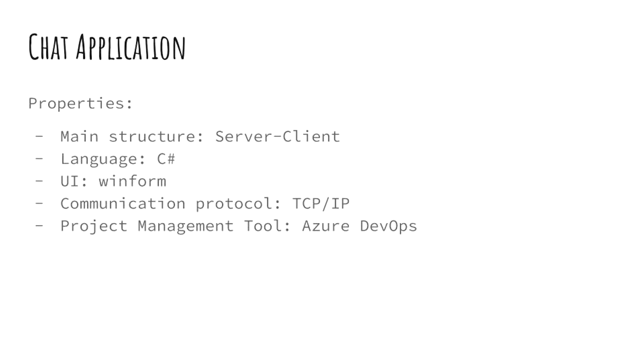So this is a server client application. This means that one of the users acts as a server and waits for a connection request to send and receive the data. The other user acts as a client and sends the request to start the communication.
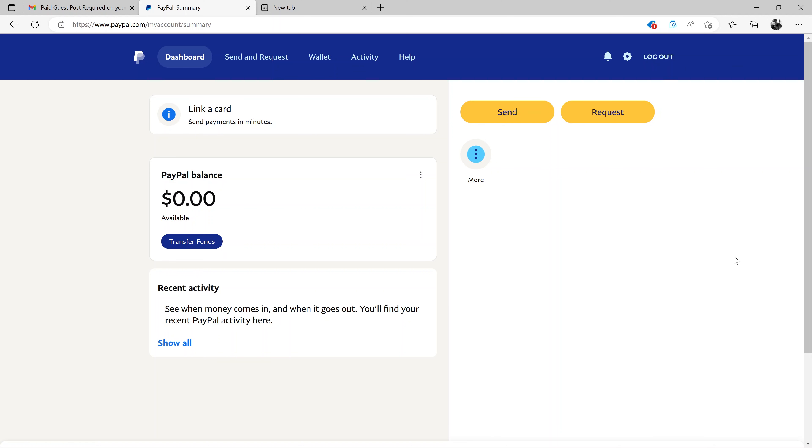So I'm showing you how to request a payment on PayPal. The first thing you want to do is go to paypal.com and sign in with your PayPal credentials, sign into your account.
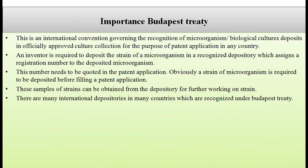The Budapest Treaty is an international convention which governs recognition of microorganism and biological culture deposits in officially approved culture collections for the purpose of patent applications in any country. Any inventor — a scientist or researcher — is required to deposit the strain of microorganism in a recognized depository, which assigns a registration number, just like a bank assigns an account number. This registration number must be quoted in the patent application. The strain must be deposited before filing the patent application, and samples can be obtained from any depository for further work.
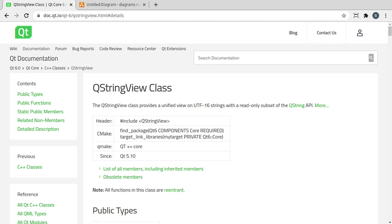Hey everybody, it's Brian, and in the last video we covered the QString, which is a UTF-16 string. In this video, we're going to cover the QStringView class.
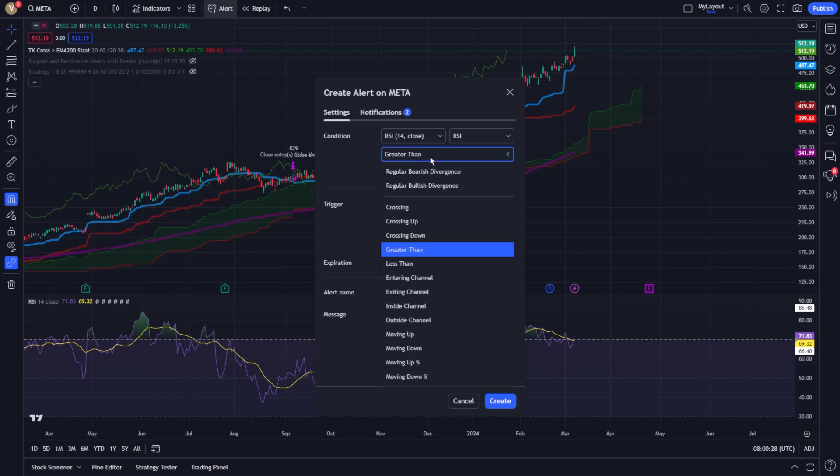Conversely, for oversold conditions, you could set it to alert you when the RSI falls below 30.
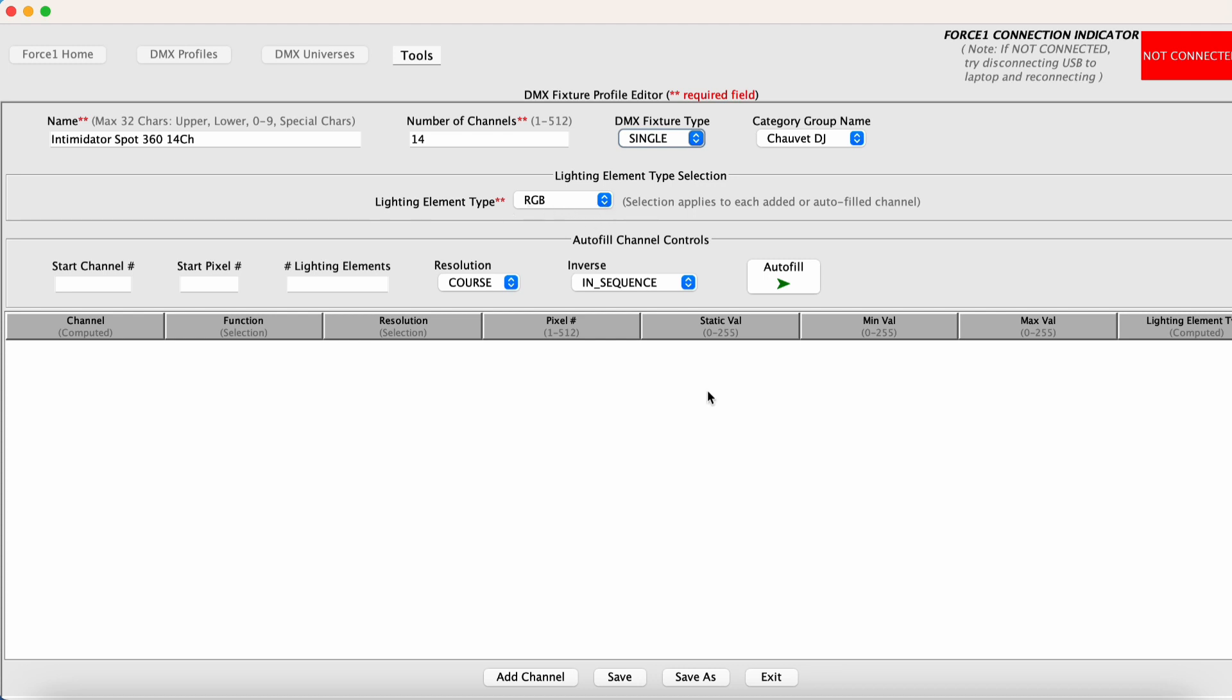So I do advise if you have the option to call up the user manual for this fixture and look at the 14 channel DMX personality table as you're following along here. So we'll just start adding channels.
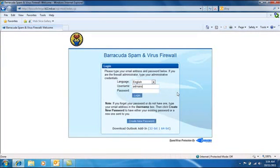It will bring you to the login page. Go ahead and enter in your username and password that you log into the computer and click Login.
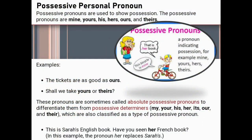Next type: possessive pronouns. Possessive pronouns are used to show possession. The possessive pronouns are mine, yours, his, hers, ours, and theirs. When somebody wants to show possession of someone over something, we use possessive pronouns. Examples: the tickets are as good as ours; shall we take yours or theirs? These are sometimes called absolute possessive pronouns to differentiate them from possessive determiners — my, your, his, her, its, our, and their — which are also classified as a type of possessive pronoun.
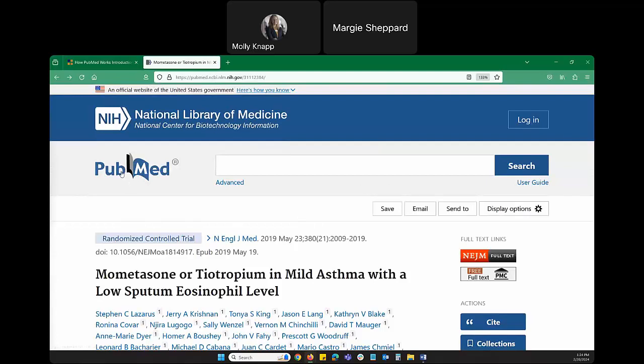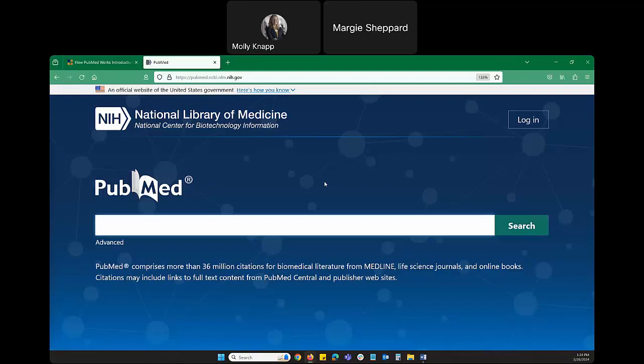The PubMed logo in the top left is always a quick way back to a fresh search box. Clicking it takes you to the PubMed homepage whenever you need to start over or calm down and begin a new search.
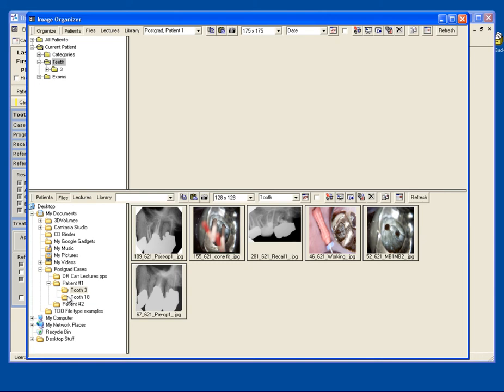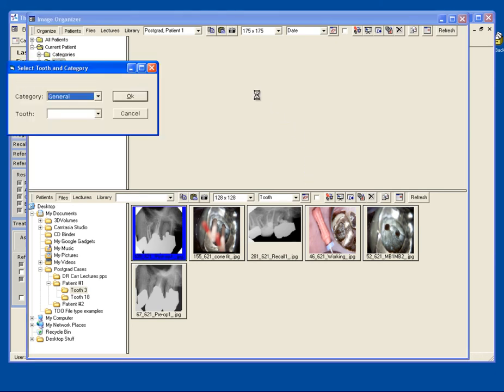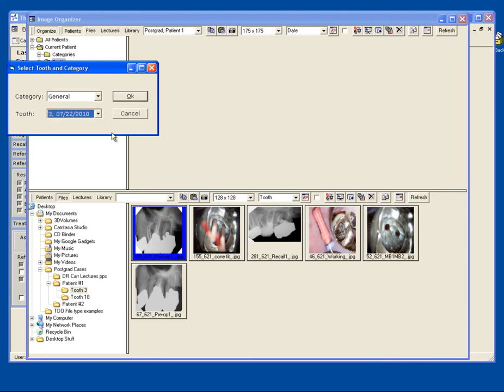I'm going to bring in these pictures from a thumb drive to my current patient's tooth 3. I simply click, hold, and drag to bring it up. I can pick my category and my tooth number.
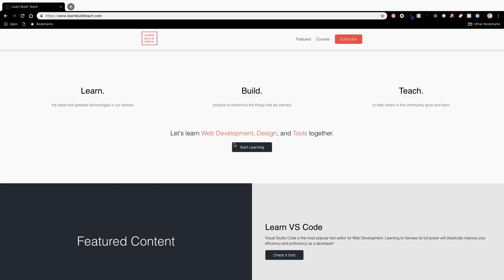What's up YouTube? It's James Q. Quick from LearnBuildTeach and today I want to show you how I moved LearnBuildTeach from WordPress to a static site.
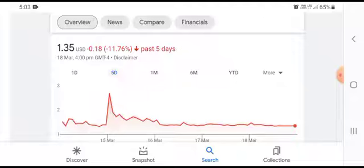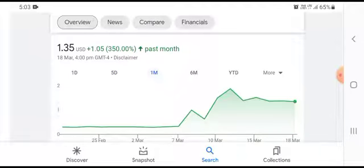In a five-day time frame, the stock was trading at $0.18 USD losses with 11.76% negative loss.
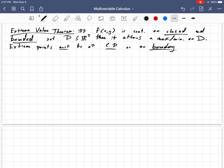Hello, this is Nicholas, and I'm doing a video on the extreme value theorem, and then I'm going to work through two examples. The extreme value theorem for multivariable calculus is very similar to the extreme value theorem that you've used in Calc 1 when you were doing single variable functions and finding absolute maximums or minimums along some interval of that function.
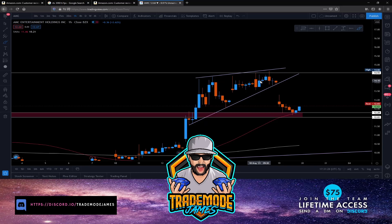If you haven't subscribed already, subscribe and hit the notification bell to get notified when I go live or drop videos. I go live every single day at the bell — 8:30 AM — covering multiple stocks. If you want to watch live price action and learn how I trade off supply and demand, subscribe to the channel and get on the Discord. The Discord link is in the description below. Peace and love — Trade Mode James signing out.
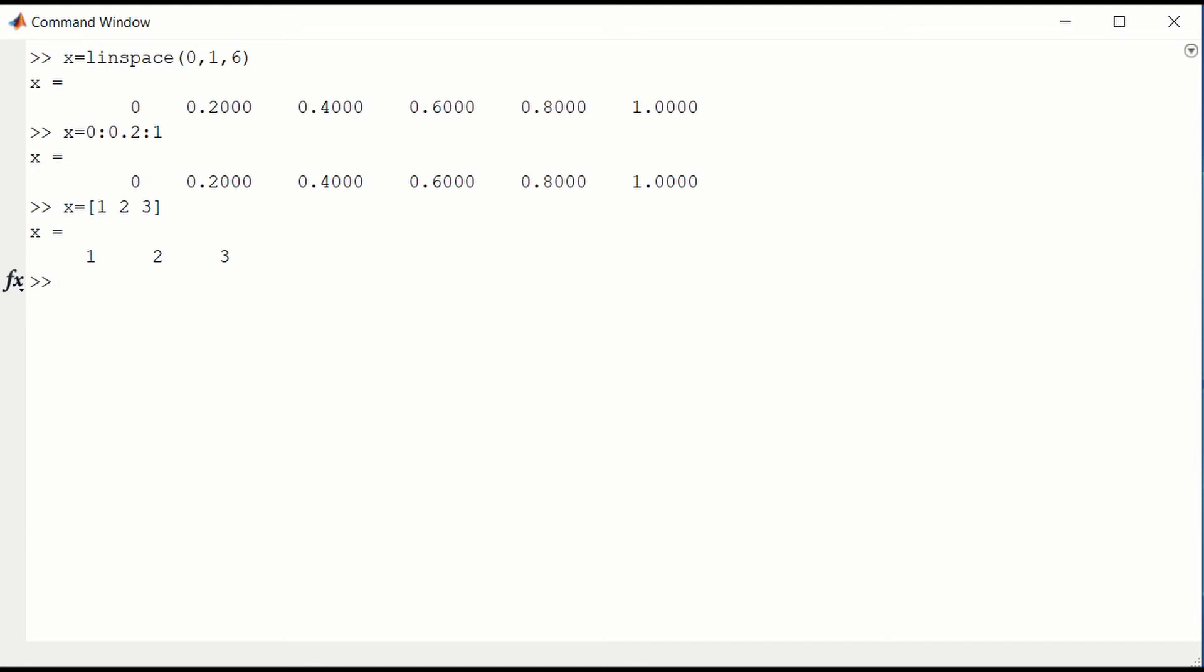And look at what happens if you multiply component by component. You have to use the dot star operator. So if we multiply x by itself component wise, we would get 1 times 1, 2 times 2, and 3 times 3. So 1, 4, and 9.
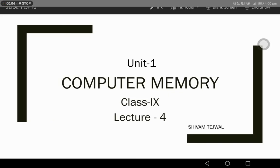Hello dear students, I am your computer teacher from Golden Public School and this is our computer class. We are already discussing Unit Number 1, and today we will discuss computer memory. As we have already discussed primary memory, today we will discuss secondary memory. So without wasting any time, let's start.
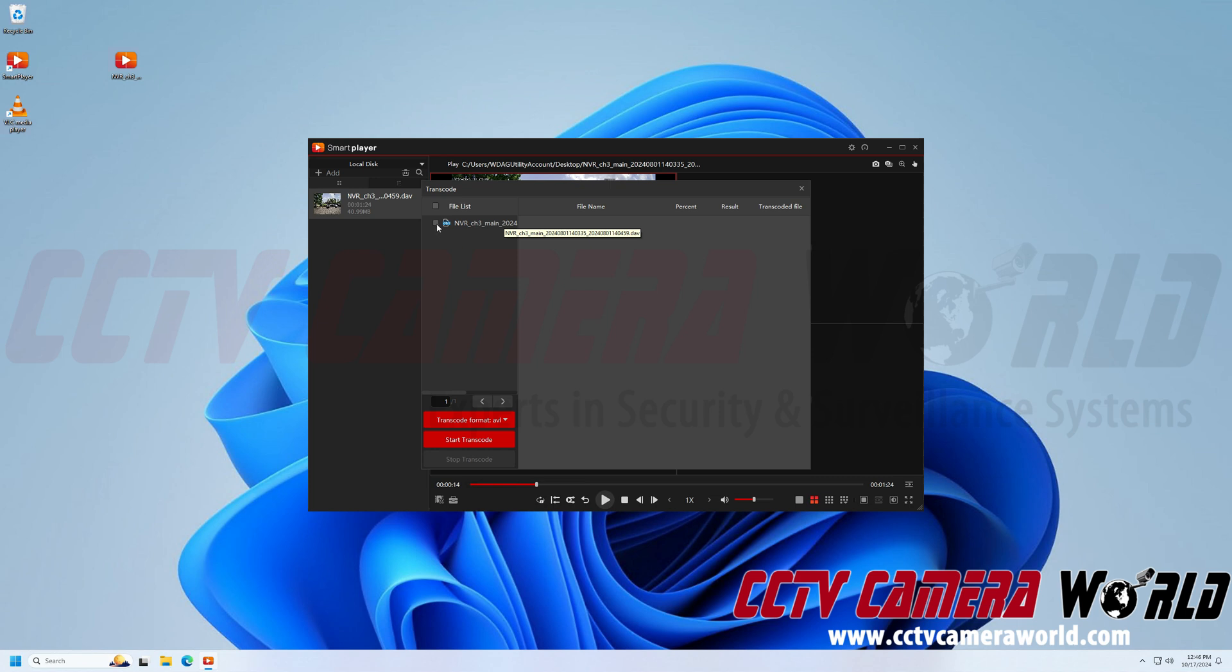Now next, I need to choose my DAV file. If you have multiple DAV files that you want to convert, you would of course add them to the software and then they would be listed here and you would have to check the box for each one or click this to choose all of the files in the list.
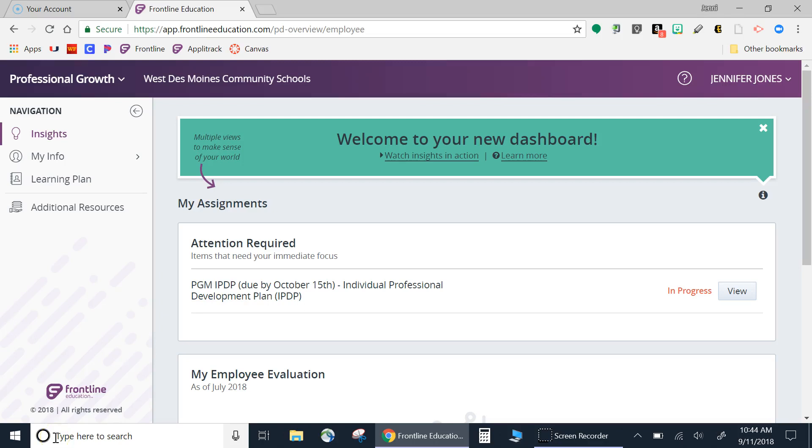Within the Frontline Management System, you have two options. The first option you can see on your screen. This is the Professional Growth Dashboard.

Brief —
Look above for the line containing "If you haven't" and the line containing "Now next, I", then reproduce both and everything between them exactly, pictures omitted.

Response box —
If you haven't subscribed already, subscribe and hit the notification bell to get notified when I go live or drop videos. I go live every single day at the bell — 8:30 AM — covering multiple stocks. If you want to watch live price action and learn how I trade off supply and demand, subscribe to the channel and get on the Discord. The Discord link is in the description below. Peace and love — Trade Mode James signing out.
And look at what happens if you multiply component by component. You have to use the dot star operator. So if we multiply x by itself component wise, we would get 1 times 1, 2 times 2, and 3 times 3. So 1, 4, and 9.
Hello dear students, I am your computer teacher from Golden Public School and this is our computer class. We are already discussing Unit Number 1, and today we will discuss computer memory. As we have already discussed primary memory, today we will discuss secondary memory. So without wasting any time, let's start.
Now next, I need to choose my DAV file. If you have multiple DAV files that you want to convert, you would of course add them to the software and then they would be listed here and you would have to check the box for each one or click this to choose all of the files in the list.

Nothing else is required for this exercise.